Enhanced solar energy conversion in Au-doped, single-wall carbon nanotube-Si heterojunction cells
1 State Key Lab of Silicon Materials and Department of Materials Science and Engineering, Zhejiang University, Hangzhou 310027, People's Republic of China
2 College of Materials and Environmental Engineering, Hangzhou Dianzi University, Hangzhou 310018, People's Republic of China
3 Key Laboratory of Eco-Textiles, Ministry of Education, Jiangnan University, Wuxi 214122, Jiangsu, People's Republic of China
Citation and License
Nanoscale Research Letters 2013, 8:225 doi:10.1186/1556-276X-8-225Published: 10 May 2013
The power conversion efficiency (PCE) of single-wall carbon nanotube (SCNT)/n-type crystalline silicon heterojunction photovoltaic devices is significantly improved by Au doping. It is found that the overall PCE was significantly increased to threefold.

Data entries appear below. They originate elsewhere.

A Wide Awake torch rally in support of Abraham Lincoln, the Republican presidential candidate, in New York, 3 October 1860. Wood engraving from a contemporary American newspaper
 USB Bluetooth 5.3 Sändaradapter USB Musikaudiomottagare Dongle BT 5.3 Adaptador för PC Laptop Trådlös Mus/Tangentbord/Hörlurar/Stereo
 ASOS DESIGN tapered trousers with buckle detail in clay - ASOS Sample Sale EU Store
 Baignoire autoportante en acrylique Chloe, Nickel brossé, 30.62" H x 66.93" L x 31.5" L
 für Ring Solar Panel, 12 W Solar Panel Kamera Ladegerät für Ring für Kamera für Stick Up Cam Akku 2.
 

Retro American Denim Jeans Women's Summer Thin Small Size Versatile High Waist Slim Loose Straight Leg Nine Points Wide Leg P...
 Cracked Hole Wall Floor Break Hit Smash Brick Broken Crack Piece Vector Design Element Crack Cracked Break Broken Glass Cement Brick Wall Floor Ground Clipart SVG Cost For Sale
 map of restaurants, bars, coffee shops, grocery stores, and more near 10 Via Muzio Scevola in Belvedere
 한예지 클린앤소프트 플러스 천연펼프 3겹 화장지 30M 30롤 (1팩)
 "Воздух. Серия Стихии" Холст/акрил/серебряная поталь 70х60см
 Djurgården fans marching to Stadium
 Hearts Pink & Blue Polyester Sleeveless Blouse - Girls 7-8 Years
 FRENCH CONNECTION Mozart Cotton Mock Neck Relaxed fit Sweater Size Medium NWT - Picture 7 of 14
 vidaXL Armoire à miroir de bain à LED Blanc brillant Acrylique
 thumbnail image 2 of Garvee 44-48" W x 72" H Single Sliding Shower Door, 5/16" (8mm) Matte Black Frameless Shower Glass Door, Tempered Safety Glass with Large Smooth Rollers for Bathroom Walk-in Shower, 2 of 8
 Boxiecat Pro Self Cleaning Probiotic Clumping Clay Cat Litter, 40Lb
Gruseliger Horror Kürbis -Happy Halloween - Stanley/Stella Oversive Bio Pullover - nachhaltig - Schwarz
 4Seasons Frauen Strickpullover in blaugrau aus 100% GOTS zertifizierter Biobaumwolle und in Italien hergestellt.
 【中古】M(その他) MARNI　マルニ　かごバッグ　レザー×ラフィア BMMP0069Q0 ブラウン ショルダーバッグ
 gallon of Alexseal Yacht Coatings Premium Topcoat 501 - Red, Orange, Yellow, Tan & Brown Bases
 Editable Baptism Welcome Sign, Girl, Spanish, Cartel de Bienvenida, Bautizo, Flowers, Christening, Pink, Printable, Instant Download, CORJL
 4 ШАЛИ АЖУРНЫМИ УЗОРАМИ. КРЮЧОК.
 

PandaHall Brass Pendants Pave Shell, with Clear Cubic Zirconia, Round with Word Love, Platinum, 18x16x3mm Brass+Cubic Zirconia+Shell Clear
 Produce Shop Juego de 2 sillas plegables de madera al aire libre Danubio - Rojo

The efficiency enhancement of photovoltaic devices is mainly the improved electrical conductivity of SCNT by increasing the carrier concentration and the enhancing the absorbance of active layers by Au nanoparticles. The Au doping can lead to an increase of the open circuit voltage through adjusting the Fermi level of SCNT and then enhancing the built-in potential in the SCNT/n-Si junction. This fabrication is easy, cost-effective, and easily scaled up, which demonstrates that such Au-doped SCNT/Si cells possess promising potential in energy harvesting application.